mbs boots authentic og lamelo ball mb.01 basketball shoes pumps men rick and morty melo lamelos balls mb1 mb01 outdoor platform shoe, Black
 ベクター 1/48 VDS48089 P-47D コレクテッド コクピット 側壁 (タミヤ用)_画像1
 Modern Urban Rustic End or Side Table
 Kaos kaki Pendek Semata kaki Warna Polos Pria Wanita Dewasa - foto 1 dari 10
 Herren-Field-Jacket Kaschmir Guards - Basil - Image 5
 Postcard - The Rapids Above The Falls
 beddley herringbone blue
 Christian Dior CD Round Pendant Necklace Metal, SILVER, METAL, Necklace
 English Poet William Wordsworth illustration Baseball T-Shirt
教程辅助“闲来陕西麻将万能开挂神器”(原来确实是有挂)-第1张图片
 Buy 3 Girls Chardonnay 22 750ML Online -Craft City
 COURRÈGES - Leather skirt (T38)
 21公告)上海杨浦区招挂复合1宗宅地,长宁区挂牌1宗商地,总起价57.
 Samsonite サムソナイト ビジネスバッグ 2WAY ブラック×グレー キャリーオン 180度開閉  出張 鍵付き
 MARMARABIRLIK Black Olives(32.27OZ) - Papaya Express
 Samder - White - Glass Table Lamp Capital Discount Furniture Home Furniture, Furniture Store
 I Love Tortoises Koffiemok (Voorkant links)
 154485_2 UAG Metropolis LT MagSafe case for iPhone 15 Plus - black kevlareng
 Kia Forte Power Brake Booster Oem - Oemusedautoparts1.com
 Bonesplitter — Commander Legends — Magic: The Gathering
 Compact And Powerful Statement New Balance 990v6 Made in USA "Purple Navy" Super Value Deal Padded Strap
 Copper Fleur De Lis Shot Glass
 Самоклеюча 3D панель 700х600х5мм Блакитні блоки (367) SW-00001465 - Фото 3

====================

Brief: The records above should be given again in full, exactly as written.

Exercise result:
mbs boots authentic og lamelo ball mb.01 basketball shoes pumps men rick and morty melo lamelos balls mb1 mb01 outdoor platform shoe, Black
 ベクター 1/48 VDS48089 P-47D コレクテッド コクピット 側壁 (タミヤ用)_画像1
 Modern Urban Rustic End or Side Table
 Kaos kaki Pendek Semata kaki Warna Polos Pria Wanita Dewasa - foto 1 dari 10
 Herren-Field-Jacket Kaschmir Guards - Basil - Image 5
 Postcard - The Rapids Above The Falls
 beddley herringbone blue
 Christian Dior CD Round Pendant Necklace Metal, SILVER, METAL, Necklace
 English Poet William Wordsworth illustration Baseball T-Shirt
教程辅助“闲来陕西麻将万能开挂神器”(原来确实是有挂)-第1张图片
 Buy 3 Girls Chardonnay 22 750ML Online -Craft City
 COURRÈGES - Leather skirt (T38)
 21公告)上海杨浦区招挂复合1宗宅地,长宁区挂牌1宗商地,总起价57.
 Samsonite サムソナイト ビジネスバッグ 2WAY ブラック×グレー キャリーオン 180度開閉  出張 鍵付き
 MARMARABIRLIK Black Olives(32.27OZ) - Papaya Express
 Samder - White - Glass Table Lamp Capital Discount Furniture Home Furniture, Furniture Store
 I Love Tortoises Koffiemok (Voorkant links)
 154485_2 UAG Metropolis LT MagSafe case for iPhone 15 Plus - black kevlareng
 Kia Forte Power Brake Booster Oem - Oemusedautoparts1.com
 Bonesplitter — Commander Legends — Magic: The Gathering
 Compact And Powerful Statement New Balance 990v6 Made in USA "Purple Navy" Super Value Deal Padded Strap
 Copper Fleur De Lis Shot Glass
 Самоклеюча 3D панель 700х600х5мм Блакитні блоки (367) SW-00001465 - Фото 3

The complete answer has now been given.